Cloverfield | 空想俳人日記

Cloverfield

我が視界 他人事ならぬ 曠野かな 



 日本での上映より一足お先に観させていただきました。と言っても、この「クローバーフィールド」という映画、観た直後は、まさか日本では興行されないだろうなと高を括っておりました。それがネット調査で本国でも上映されることに、あっとオドロキです。
 というのも、映像の拘りでもあるカメラワーク。おそらく撮影者の自己満足で取られた素人のホームビデオの上映会にいやいや付き合わせられ、気分を悪くした人ならお分かりでしょう。三脚なしの手持ちによるぶれぶれ映像に、頭痛や吐き気、悪寒が襲う。まさに、その撮影方法を逆手に取った手法なのですよ。

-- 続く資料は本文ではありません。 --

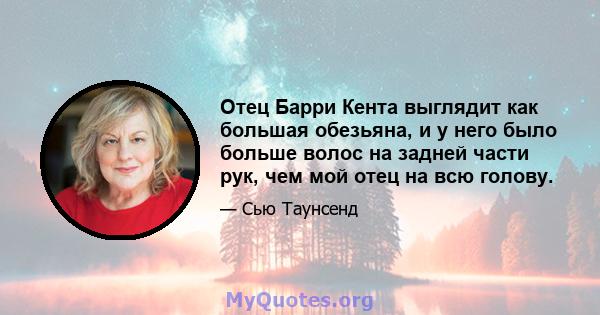 Отец Барри Кента выглядит как большая обезьяна, и у него было больше волос на задней части рук, чем мой отец на всю голову.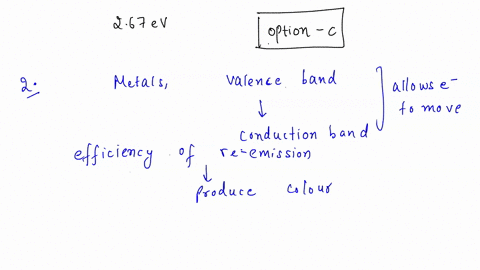 1-workings-required-a-non-metallic-material-absorbs-all-blue-and-violet-light-what-is-the-size-of-the-band-gap-select-one-a-253-ev-b-221-ev-c-267-ev-d-292-ev-2-what-colours-of-visible-light-51306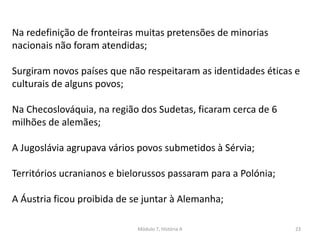 Módulo 7, História A 23
Na redefinição de fronteiras muitas pretensões de minorias
nacionais não foram atendidas;
Surgiram novos países que não respeitaram as identidades éticas e
culturais de alguns povos;
Na Checoslováquia, na região dos Sudetas, ficaram cerca de 6
milhões de alemães;
A Jugoslávia agrupava vários povos submetidos à Sérvia;
Territórios ucranianos e bielorussos passaram para a Polónia;
A Áustria ficou proibida de se juntar à Alemanha;
 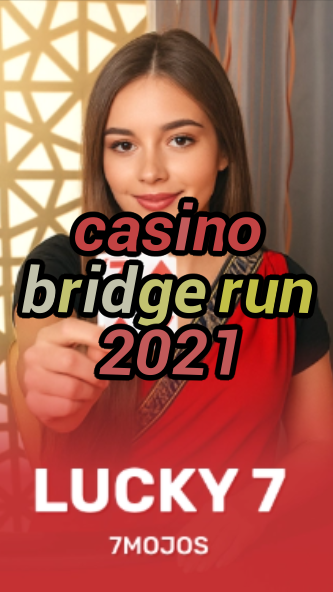 casino bridge run 2021-w4cy2mdjlx2bf.com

 しかも出だしのホームパーティさながらの中身が延々と続くのに、辟易されないだろうかという心配。東京への栄転配属が決まったロブのためのサプライズ・パーティですけど、ハンディカメラは、ここだけのシーン撮影と思うなかれ、なんですね。ようは、この気持ち悪いカメラワークこそが、この映画の味噌なんですね。途中で正当なカメラワークに変わると思うなかれ。

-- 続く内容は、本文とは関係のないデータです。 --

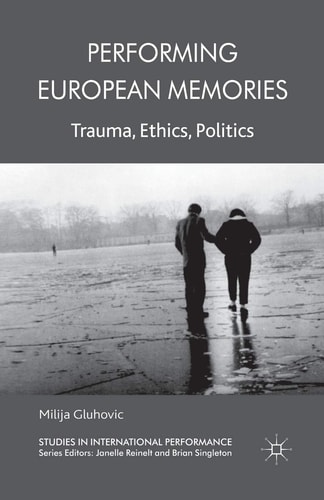 Performing European Memories Trauma, Ethics, Politics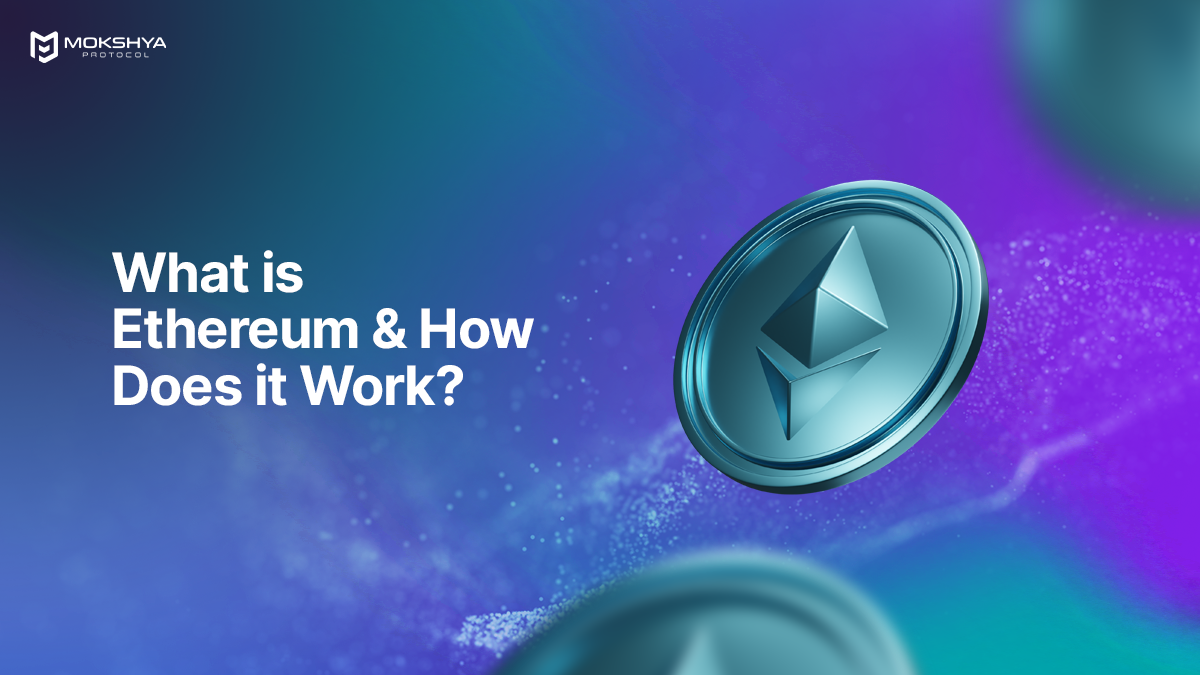 Ethereum: Origins, Functionality, & Uses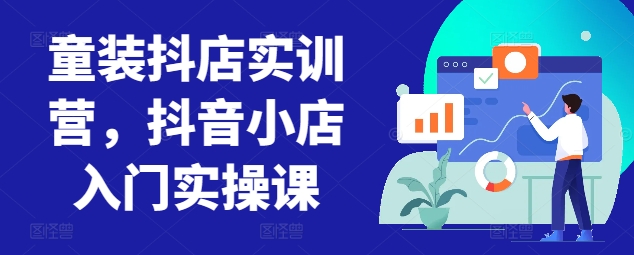 童装抖店实训营，抖音小店入门实操课-主题库网创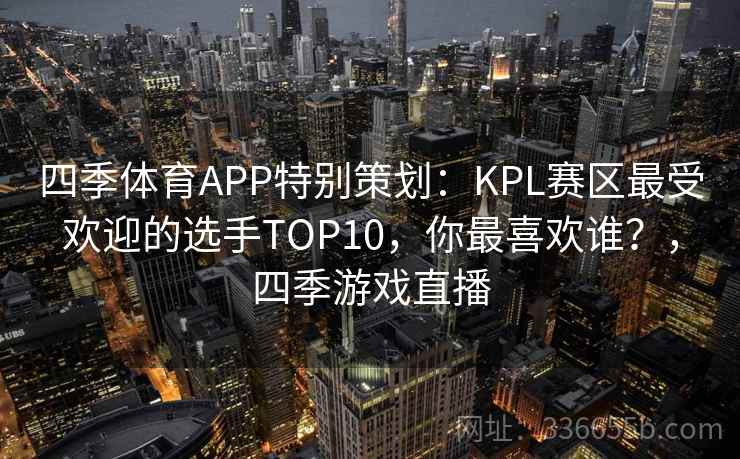 四季体育APP特别策划：KPL赛区最受欢迎的选手TOP10，你最喜欢谁？，四季游戏直播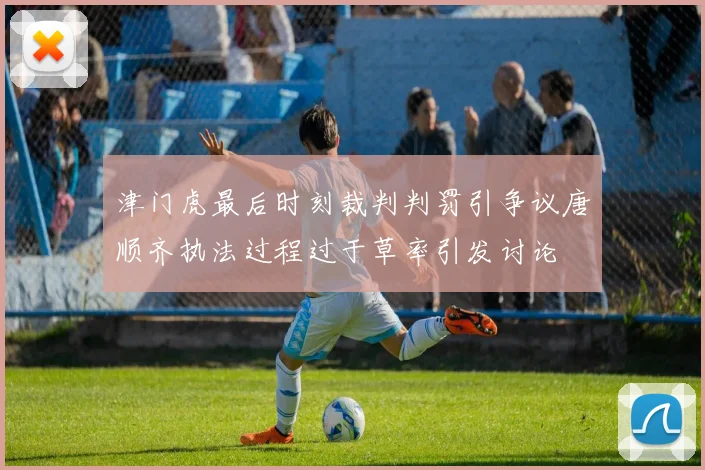津门虎最后时刻裁判判罚引争议唐顺齐执法过程过于草率引发讨论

 そして、突然の振動と大音響がニューヨークに。何事か、といって、そのカメラが始終回り続けます。外へ飛び出してみれば、自由の女神の首が吹っ飛んでくる。マンハッタンにかかる橋が真っ二つ。簡単に言ってしまえば、日本映画のゴジラのマンハッタン襲撃版と言いましょうか。、実際「ゴジラが原爆やその恐怖のメタファーであったように、現代の恐怖を象徴したモンスターを登場させようと思った」と巨大モンスターの起源について明言されています。

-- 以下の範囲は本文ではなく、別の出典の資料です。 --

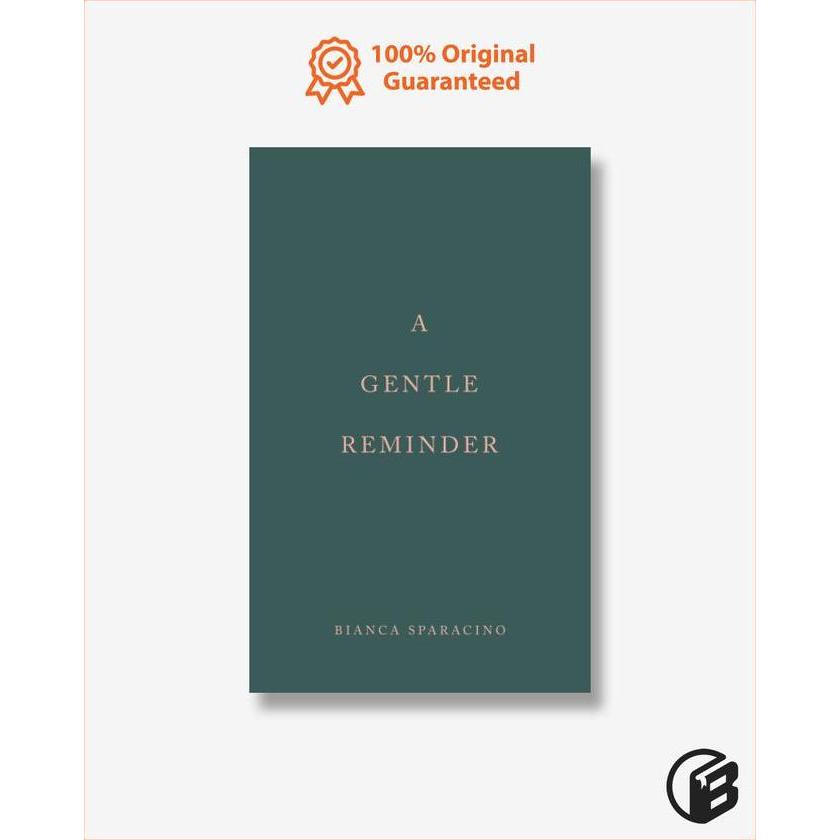 Tokoedwardd - Buku Import A Gentle Reminder by Bianca Sparacino (Original Paperback)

 ところで、私たちは。ゴジラ映画を絶えず第三者の眼で眺めてきました。ゴジラでも人間どもでもない眼。空からでも地上からでも、どこからでも自由なあらゆる場所から眺めてきました。しかし、この映画は、ハンディカメラを持っている一人称の眼なのです。ですので、モンスターの正体もよく分からないのは当然。この眼だからこそ、もう他人事ではない、映画を愉しむための眼ではないんですね。
 そしてさらに、その一人称である人物は結局・・・。このエンディングも極めてアメリカ映画らしからぬ、です。日本にかかる一般的なハリウッド映画として本作品が日本で上映された時、ホームビデオを見せられ胸糞悪いラストを叩きつけられ、大いに戸惑いよろめくハリウッドファンが出てくるんじゃなかろうかと、ついつい危惧しちゃいます。
 まあ、そういう他人事は同でもよろしく、私自身には最高の映画でございました。これこそ、他人事でなく、私事として私の舌を充分に唸らせてくれた絶妙なる味わい深い作品でございました。

 ちなみに、本作品は、エンドロールが始まるまで、一切のサウンドトラックにBGMはありません。でも、エンドロールでの音楽を耳にすると、おおお、日本映画のゴジラがオマージュなるかな、それがひしひしと伝わってきますので、エンドロールでいきなり席を立たれないことを願います。